Binnen de bouw is BIM inmiddels een op zichzelf staand begrip geworden. Tegenwoordig willen we projecten BIM-men of er wordt gesproken over het opzetten van een project in of met BIM. In de praktijk betekent dit momenteel nog in de meeste gevallen dat er in plaats van 2D volledig in 3D wordt getekend. Dit 3D-model wordt vervolgens naar alle overige projectadviseurs verzonden die het model als onderlegger gebruiken voor het maken van hun eigen tekeningen en berekeningen, onderwijl gaat de architect verder met het doorontwerpen in het basismodel. Momenteel werkt nog iedere adviseur in zijn eigen versie van het model en is er nog geen sprake van één BIM binnen het project.
Wat is een BIM?
BIM staat in voor een nieuwe wijze van de projectorganisatie en communicatie. De kern van een BIM georiënteerd proces is één centraal model waarin elke adviseur de benodigde informatie opslaat die noodzakelijk is voor die ontwerpfase of de uiteindelijke uitvoering. Het grote voordeel van één centraal model is dat de afstemming tussen de verschillende adviseurs volledig foutloos is. Het centrale model is een informatiemodel met als basis een 3D-model van het ontwerp waaraan door de verschillende adviseurs diverse eigenschappen en minimale eisen worden toegevoegd. Omdat alle informatie van een betreffend bouwonderdeel in het model als eigenschappen van het bouwonderdeel worden opgeslagen, kunnen er geen tegenstrijdigheden inzitten en hoeven er uiteindelijk geen verschillende sets met tekeningen of rapporten te worden verspreid om uit elk document de juiste informatie te halen. Ook zal het model het projectteam helpen bij het voorkomen van fouten. Als er in het ontwerp een brandscheiding wordt toegevoegd, dienen alle bouwonderdelen die op deze brandscheiding liggen ook deze minimale brandwerende eis te hebben. Indien een onderdeel in het ontwerp hier niet aan voldoet zal het BIM dit signaleren en hiervan een melding geven.

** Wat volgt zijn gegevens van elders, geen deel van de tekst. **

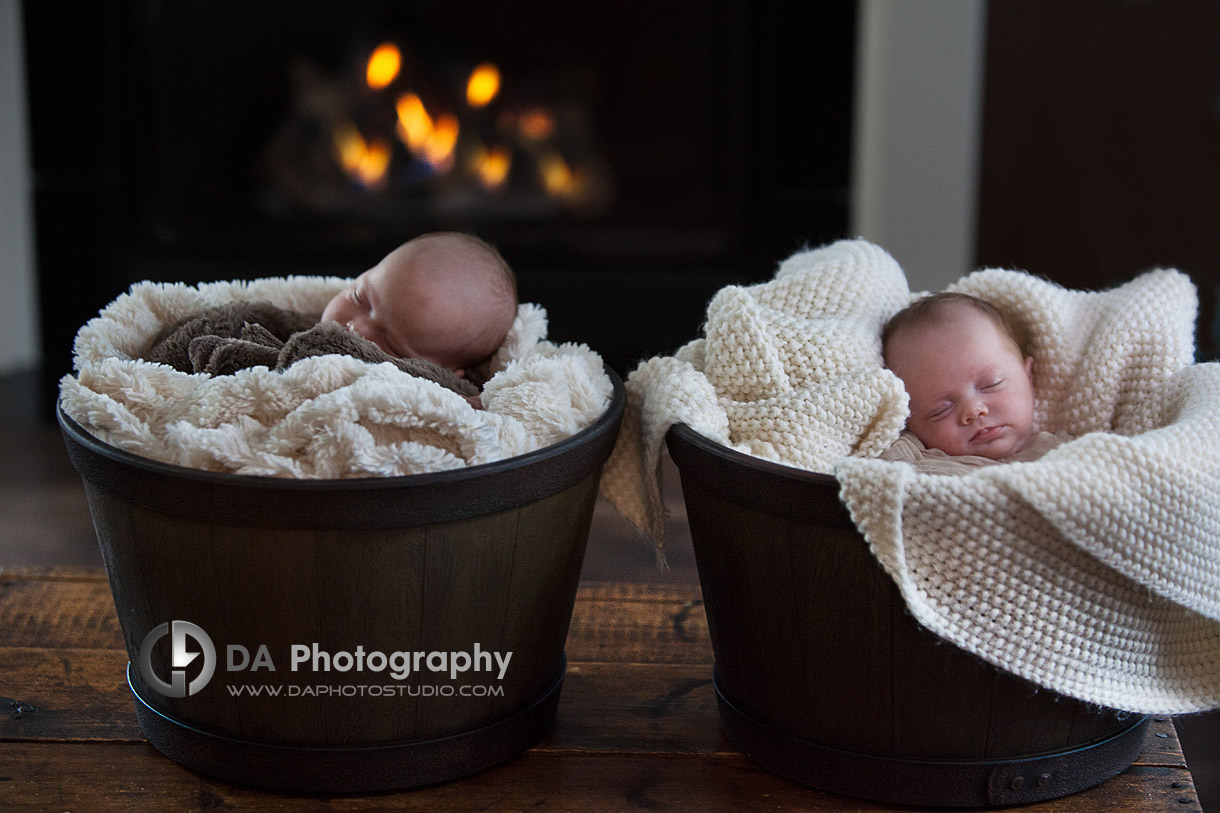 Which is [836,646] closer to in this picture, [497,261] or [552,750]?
[552,750]

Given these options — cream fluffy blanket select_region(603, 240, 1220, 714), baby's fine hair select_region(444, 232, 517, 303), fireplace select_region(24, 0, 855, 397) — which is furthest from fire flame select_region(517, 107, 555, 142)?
cream fluffy blanket select_region(603, 240, 1220, 714)

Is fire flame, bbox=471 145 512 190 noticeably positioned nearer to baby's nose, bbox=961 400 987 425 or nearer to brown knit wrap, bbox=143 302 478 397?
brown knit wrap, bbox=143 302 478 397

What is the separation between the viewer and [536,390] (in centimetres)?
86

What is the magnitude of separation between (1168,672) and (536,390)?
49 centimetres

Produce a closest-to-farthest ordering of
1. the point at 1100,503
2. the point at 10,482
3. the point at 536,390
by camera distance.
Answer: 1. the point at 1100,503
2. the point at 536,390
3. the point at 10,482

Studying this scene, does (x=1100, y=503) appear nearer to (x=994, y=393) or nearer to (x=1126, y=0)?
(x=994, y=393)

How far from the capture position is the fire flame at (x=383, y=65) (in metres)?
2.17

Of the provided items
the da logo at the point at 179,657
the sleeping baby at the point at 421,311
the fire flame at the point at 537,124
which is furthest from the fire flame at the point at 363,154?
the da logo at the point at 179,657

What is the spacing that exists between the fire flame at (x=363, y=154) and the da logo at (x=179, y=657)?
1535 mm

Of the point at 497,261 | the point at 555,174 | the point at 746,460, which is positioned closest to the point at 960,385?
the point at 746,460

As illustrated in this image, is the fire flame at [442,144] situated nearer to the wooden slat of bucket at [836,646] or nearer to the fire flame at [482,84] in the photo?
the fire flame at [482,84]

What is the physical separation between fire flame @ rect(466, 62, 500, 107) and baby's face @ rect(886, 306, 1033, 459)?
1409 millimetres

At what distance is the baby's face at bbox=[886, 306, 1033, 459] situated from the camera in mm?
982

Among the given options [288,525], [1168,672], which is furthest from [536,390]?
[1168,672] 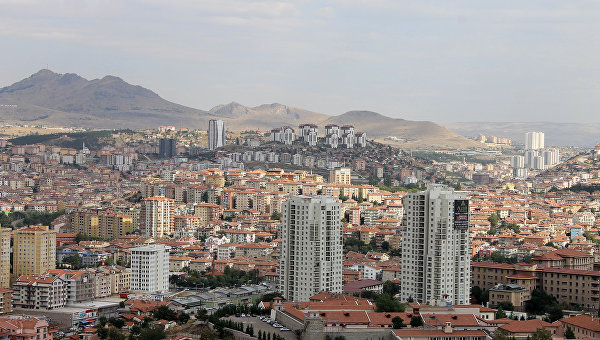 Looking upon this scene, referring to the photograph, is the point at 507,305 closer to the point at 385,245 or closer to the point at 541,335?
the point at 541,335

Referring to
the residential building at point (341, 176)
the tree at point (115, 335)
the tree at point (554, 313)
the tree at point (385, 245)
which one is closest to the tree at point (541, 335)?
the tree at point (554, 313)

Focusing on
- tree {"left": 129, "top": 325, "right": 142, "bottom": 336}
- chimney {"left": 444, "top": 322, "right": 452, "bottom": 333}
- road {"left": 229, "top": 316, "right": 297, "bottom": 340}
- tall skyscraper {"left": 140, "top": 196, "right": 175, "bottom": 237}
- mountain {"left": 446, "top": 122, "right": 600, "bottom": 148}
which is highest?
mountain {"left": 446, "top": 122, "right": 600, "bottom": 148}

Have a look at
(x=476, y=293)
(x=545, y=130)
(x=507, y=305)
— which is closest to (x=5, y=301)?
(x=476, y=293)

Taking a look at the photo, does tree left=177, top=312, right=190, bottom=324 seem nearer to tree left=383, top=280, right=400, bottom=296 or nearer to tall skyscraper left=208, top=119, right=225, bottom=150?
tree left=383, top=280, right=400, bottom=296

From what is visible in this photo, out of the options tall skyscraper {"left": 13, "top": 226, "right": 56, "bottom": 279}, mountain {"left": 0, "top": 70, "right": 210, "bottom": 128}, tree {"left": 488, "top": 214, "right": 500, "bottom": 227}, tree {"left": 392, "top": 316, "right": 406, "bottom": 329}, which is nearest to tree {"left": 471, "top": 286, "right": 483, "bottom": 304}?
tree {"left": 392, "top": 316, "right": 406, "bottom": 329}

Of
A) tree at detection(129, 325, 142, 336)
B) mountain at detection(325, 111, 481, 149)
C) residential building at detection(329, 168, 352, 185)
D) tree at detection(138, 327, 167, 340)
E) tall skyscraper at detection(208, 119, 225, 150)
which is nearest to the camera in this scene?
tree at detection(138, 327, 167, 340)

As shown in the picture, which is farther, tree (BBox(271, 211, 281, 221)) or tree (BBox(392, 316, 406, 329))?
tree (BBox(271, 211, 281, 221))

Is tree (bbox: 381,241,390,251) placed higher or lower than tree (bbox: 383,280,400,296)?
higher

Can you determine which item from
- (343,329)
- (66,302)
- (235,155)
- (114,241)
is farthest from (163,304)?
(235,155) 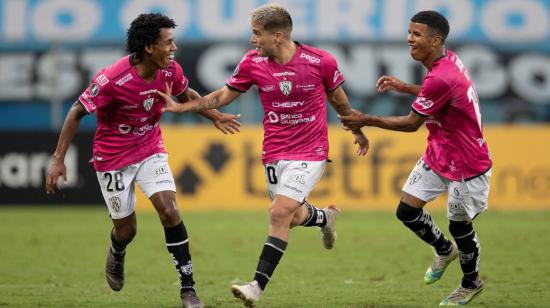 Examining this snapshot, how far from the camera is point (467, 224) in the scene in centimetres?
953

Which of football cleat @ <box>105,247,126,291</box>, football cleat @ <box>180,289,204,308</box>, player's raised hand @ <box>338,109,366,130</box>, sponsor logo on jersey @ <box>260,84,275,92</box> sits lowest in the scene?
football cleat @ <box>105,247,126,291</box>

Iedereen is het er momenteel over eens dat we inmiddels technisch het punt hebben bereikt dat een ontwerptraject met een BIM voor elke project mogelijk is.
Computers hebben voldoende rekenkracht voor de grote 3D-modellen, softwareoplossingen zijn er en internetsnelheden voldoen voor snel uitwisselen van data. Door het gebruik van één centraal model zorgt BIM nu nog voor drie knelpunten waarvoor eerst overeenstemming dient te worden gevonden tussen de partijen alvorens het BIM de standaard voor de toekomst zal worden. Hieronder de drie punten met een uitleg wat de toepassing van een BIM nog belemmert.
1. Welke standaard gaat er gelden?
De informatie in een BIM moet op een uniforme wijze door iedereen kunnen worden ingelezen en indien er informatie wordt toegevoegd dient dit ook op een uniforme wijze te worden gedaan, zodat andere adviseurs hieruit hun conclusies kunnen trekken. Dit kan alleen als er een standaard is waarin iedereen werkt en informatie codeert.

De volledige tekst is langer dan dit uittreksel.